#### [Problem]
Output, exactly and with no pictures, the line that contains "第25話 - 第4.jpg页" and every line that comes after it in the data below, the last one included.

#### [Data below]

>>>

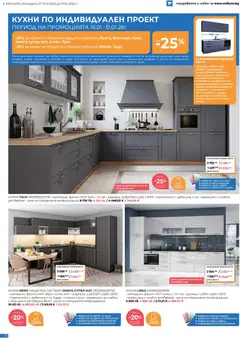 Преглед на Enikom брошура - Офертите са валидни от 16.01.2026 | Страница: 6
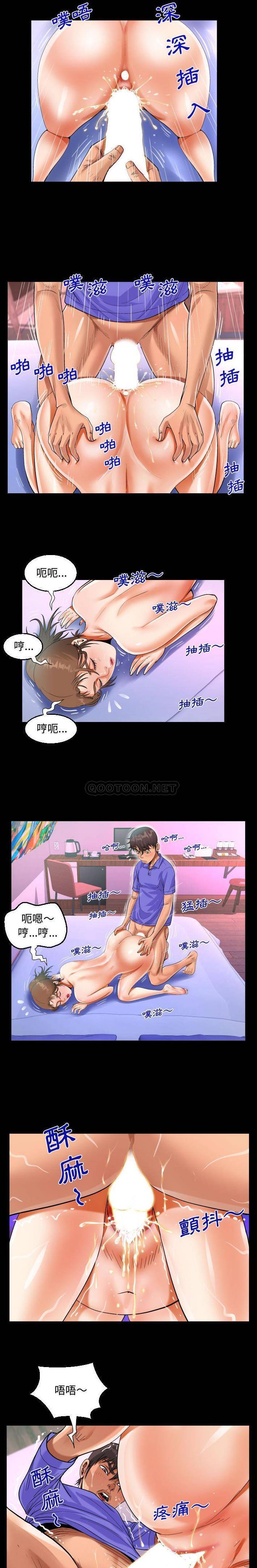 第25話 - 第4.jpg页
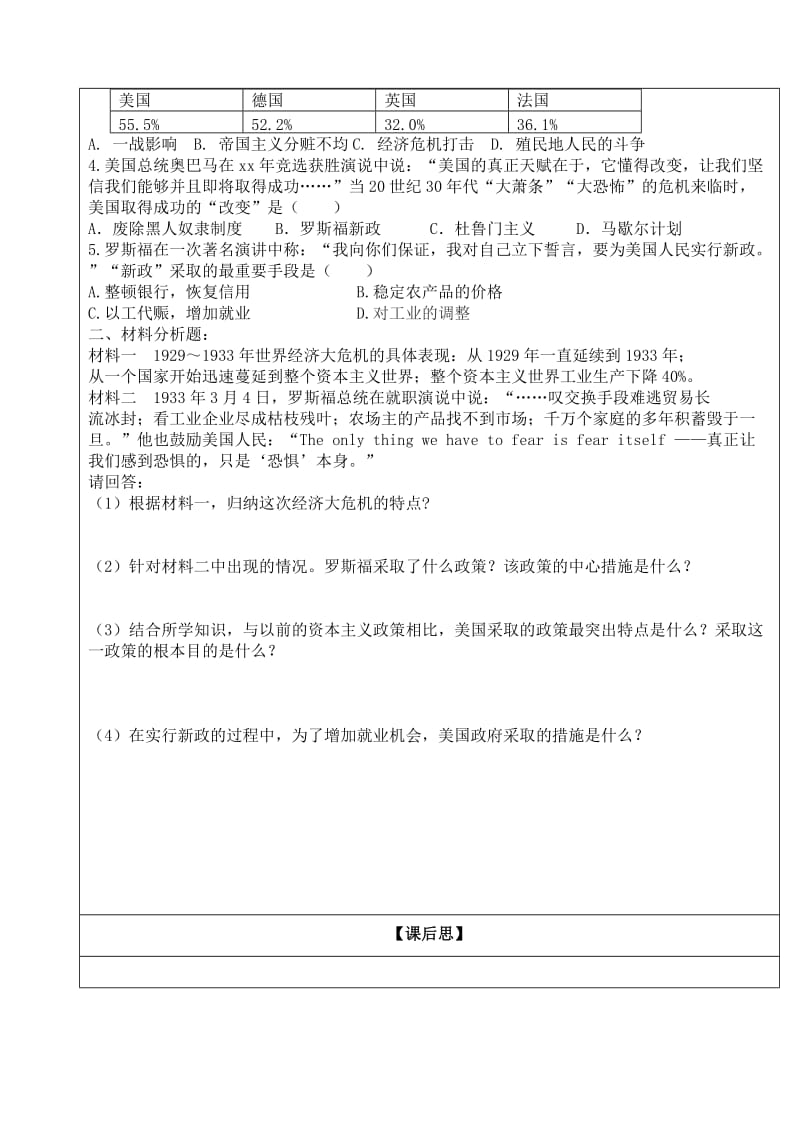 九年级历史下册 第四单元 经济大危机和第二次世界大战 第13课《罗斯福新政》导学案 新人教版.doc_第3页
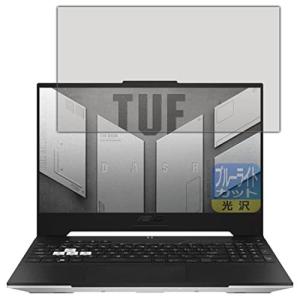 PDA工房 ASUS TUF Dash F15  FX517 ブルーライトカット 保護 フィルム 日本製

<<<

#### [Task answer]
 第25話 - 第4.jpg页
 九年级历史下册 第四单元 经济大危机和第二次世界大战 第13课《罗斯福新政》导学案 新人教版.doc_第3页
 PDA工房 ASUS TUF Dash F15  FX517 ブルーライトカット 保護 フィルム 日本製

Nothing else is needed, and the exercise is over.